Arbeiter- und Soldatenrat
Ein Arbeiter- und Soldatenrat war 1918/19 ein Organ der Selbstverwaltung in den Städten. Sie wurden im Zuge der Novemberrevolution, die das Kaiserreich zum Fall brachte, nach dem Vorbild der Sowjets der Russischen Revolution gebildet.

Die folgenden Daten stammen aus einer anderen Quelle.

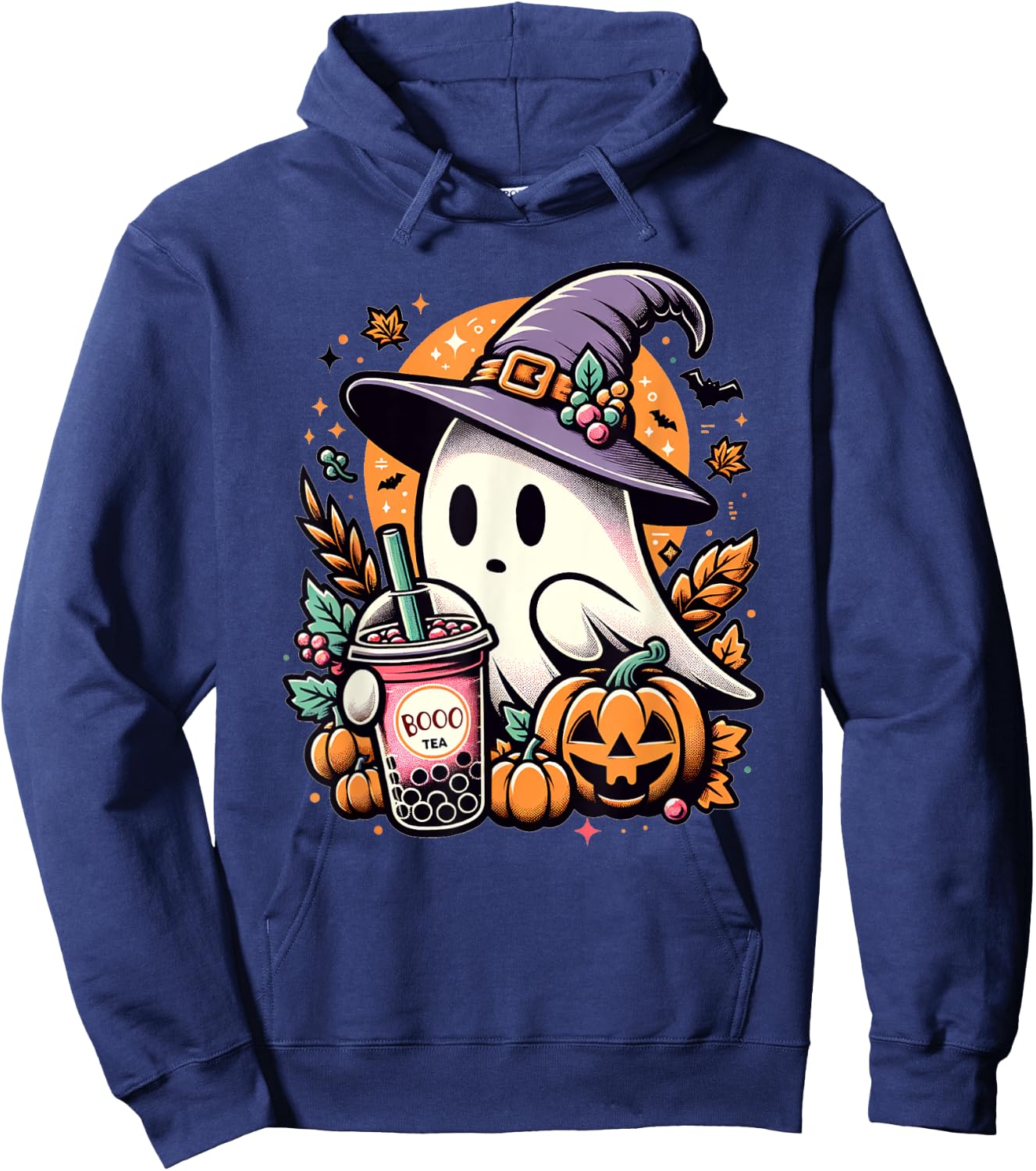 Halloween Ghost Funny Halloween Bubble Tea Hoodie - Hoodie | Navy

Von Kiel aus breiteten sie sich mit der Revolution über Schleswig-Holstein und ganz Deutschland aus.
Formen
Soldatenräte

"Wie muss man sich die 'Räte' in Deutschland 1918/19 vorstellen? Ohne damit zunächst eine längerfristige politische Persepktive zu verbinden, schufen die aufständischen Massen seit Anfang November nach russischem Vorbild und in Erinnerung an die großen Januarstreiks des Jahres Vertretungsorgane. Die Soldaten wählten - entsprechend den vorgegebenen militärischen Einheiten - 'Soldatenräte'. Die Soldatenräte traten nicht an die Stelle, sondern neben die alte militärische Struktur. Die jeweiligen militärischen Führungsinstanzen erkannten sie durchweg an und sagten Zusammenarbeit zu. In den Soldatenräten waren vielfach auch Offiziere vertreten, vor allem aber mittlere Ränge. Von der sozialen Zusammensetzung her war das kleinbürgerliche Element mindestens so stark vertreten wie das proletarische. Es kann daher nicht verwundern, dass die Soldatenräte innerhalb der revolutionären Bewegung eher auf dem rechten Flügel standen."[1]
Arbeiterräte
"Die 'Arbeiterräte', deren Bildung im Allgemeinen von einem Generalstreik begleitet war, wurde teilweise, wie in einer Reihe großer Städte, in den Betrieben gewählt, häufiger aber gingen sie aus einer Absprache der örtlichen Parteiführungen von SPD und USPD hervor, teils unter Einschluss von Freien Gewerkschaften, manchmal auch nichtsozialistischer Arbeitnehmer-Organisationen. Verschiedentlich wurden Arbeiterräte auch auf 'Volksversammlungen' gebildet bzw. bestätigt.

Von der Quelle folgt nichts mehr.